Uncertainty hangs over the U.S.-China trade deal. Other than the 90-day postponement of further tariffs, it’s unclear what was agreed to by Mr. Trump and President Xi Jinping of China at the Group of 20 meeting in Buenos Aires on Saturday. Bloomberg compared the diverging claims from Beijing and Washington, and it seems there’s little agreement between the two sides.

Mr. Trump may have overstated China’s concessions. Michael Pillsbury, the former Pentagon official Mr. Trump has called “probably the leading authority on China,” told Axios that there was concern in China about American reports of concessions that Beijing never agreed to. They include the Chinese “immediately” addressing intellectual property theft, resuming purchases of American agricultural products and cutting car tariffs.
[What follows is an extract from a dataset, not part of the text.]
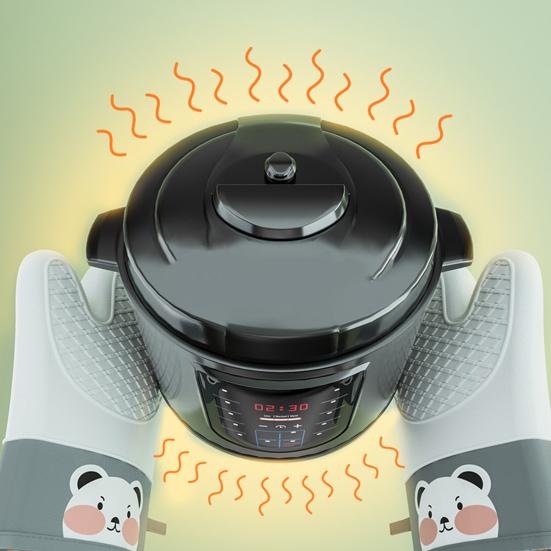 1 Stück Isolierhandschuh Hitzebeständig Rutschfest Cartoon Verbrühschutz Silikongel Mikrowellenofen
And he continues to be bullish on the prospects for a pact. “The negotiations with China have already started,” Mr. Trump said on Twitter, and those leading the talks will see “whether or not a REAL deal with China is actually possible.” His conclusion: “If it is, we will get it done,” he added. “But if not remember, I am a Tariff Man.”
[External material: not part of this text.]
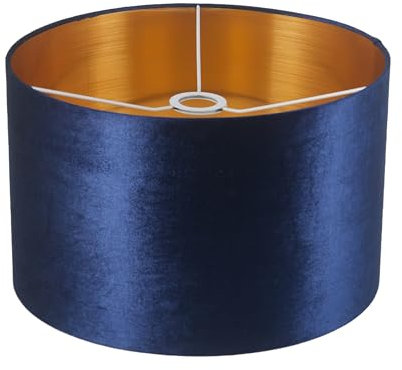 Abat-jour rond en velours fait main – Doublure dorée –35 cm – Pour lampe sur pied, lampe à poser, suspension, chevet – Bleu – Style élégant pour salon ou chambre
But China may be starting to make moves. Beijing offered its first acknowledgment of the 90-day deadline, saying it was “confident in implementing” trade commitments to the U.S. “as soon as possible.” Bloomberg notes that China is preparing to import U.S. soybeans and liquefied natural gas. Reuters reports that the Chinese oil trader Unipec plans to resume U.S. crude shipments to China in March. And China announced new punishments for intellectual property theft.

That was fast. A day after stocks rallied after the announcement of a truce in the U.S.-China trade war, they bombed again: The S&P 500 lost more than 3 percent on Tuesday. But don’t believe anyone who points to a single reason for the rout.

Trade issues have a lot to do with it. Investors worry that the trade war is far from over, and that an extended dispute would undermine global growth and hurt American companies. As Steven Mnuchin, the Treasury secretary, said yesterday, the markets are in a “wait and see” period while investors try to determine whether an actual trade deal can be struck.

You can also blame the inverting yield curve. Part of the curve, which shows the difference between interest rates on short- and long-term government bonds, went negative on Monday, which is often considered a sign of a looming recession. That helped drive S&P 500 bank shares down 4.4 percent, making Tuesday their worst day since February.

And there’s more. Bloomberg points out that worries about the housing market, continuing volatility in the tech sector, the uncertainty over Britain’s departure from the European Union and numerous other issues also weighed on the markets yesterday.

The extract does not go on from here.